Recent Posts

Monday, 2 April 2012

The Demands of Love--Perfection Series continued

Continuing on the theme of perfection and middle-age, I come to the writings of St. John of the Cross and St. Teresa of Avila. She writes, "God gives Himself wholly to the soul which gives itself wholly to Him."

Father Gabriel of St. Mary Magdalen wrote a book in 1940 about the stages of the interior life. I used some of his insights in the title yesterday, the metaphysics of love.  In his chapter entitled, The Demands of Love, the good father points out that the person who continually seeks God, will be met by Him in Love. We need the Love of God in order to love Love. A good prayer is "God give me Your Love so that I can love You." As Father Gabriel and St. John of the Cross note, this union of love is infused, but the soul can prepare itself for such a meeting of Love. The real beginning of growth is St. John's idea of nothing, NADA. We must become detached from all things, people, the past, the future, living in the now and waiting for God to meet us, as we cooperate in a purification of the senses. The empty soul is a free soul.
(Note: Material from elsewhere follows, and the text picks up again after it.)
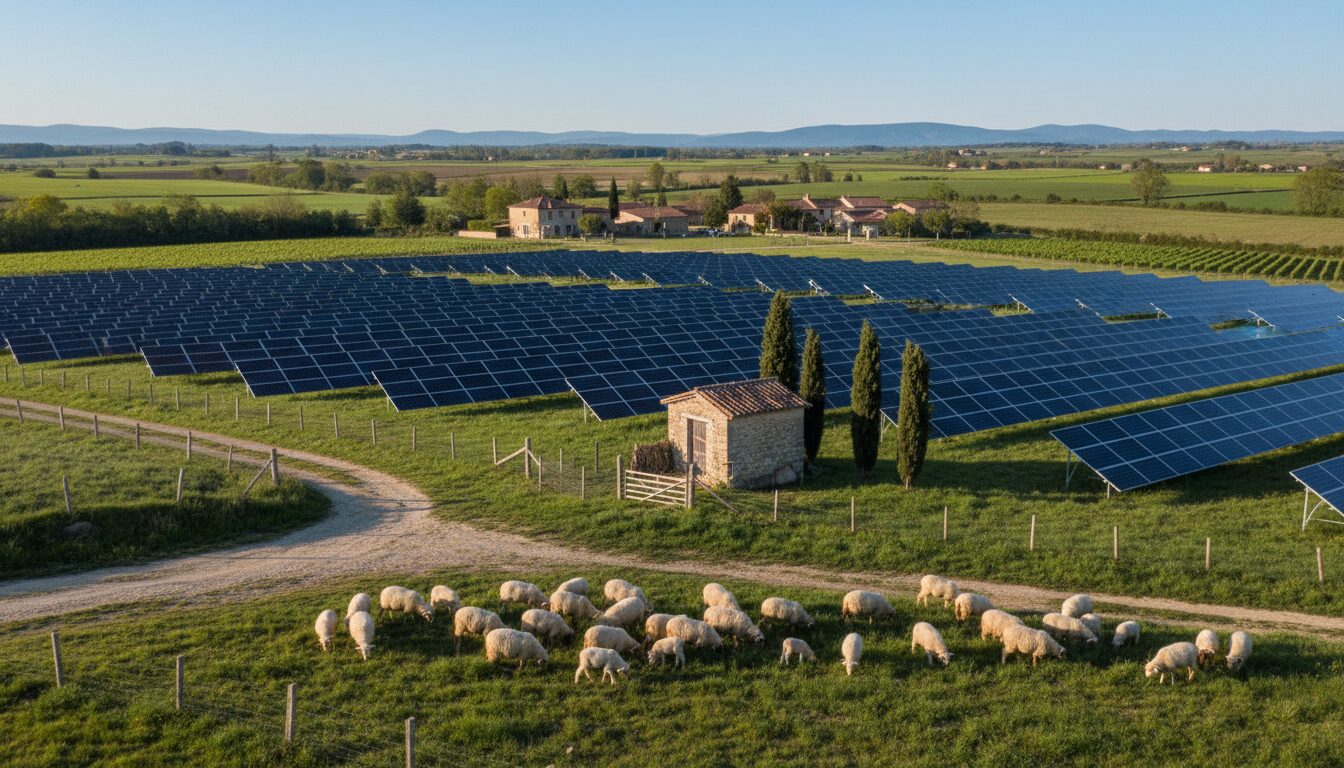 découvrez la future centrale solaire de 20 hectares à poucharramet, un projet majeur pour produire une énergie propre et renouvelable, bientôt opérationnelle.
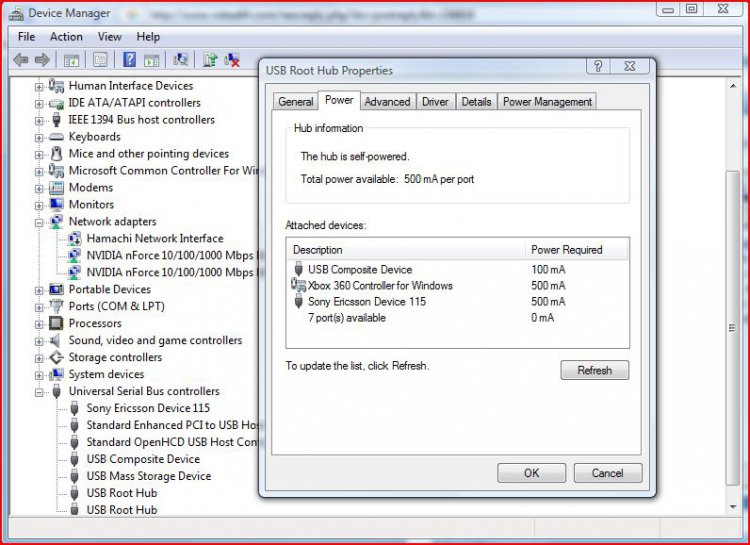 Xbox 360 PC USB CONTROLLER ISSUE Disconnects Randomly Vista Forums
And only in that soul is there room for God. The NADA, the nothing, leads to the All, the TODO. How many times have we loved someone and wanted desperately to give all, to be all for this person we love. We want to be our best, to grow in love, to make the other all he or she can be as well--we wish the best always for the beloved. And, like God, we want that beloved to reach a perfection of his or her self so that he or she can be happy with God for all eternity.

So, too, God wants all the best for us and for us to be happy with Him now and in eternity. To empty ourselves is like carving out a hole in our heart for God to come in and take over. NADA-TODO.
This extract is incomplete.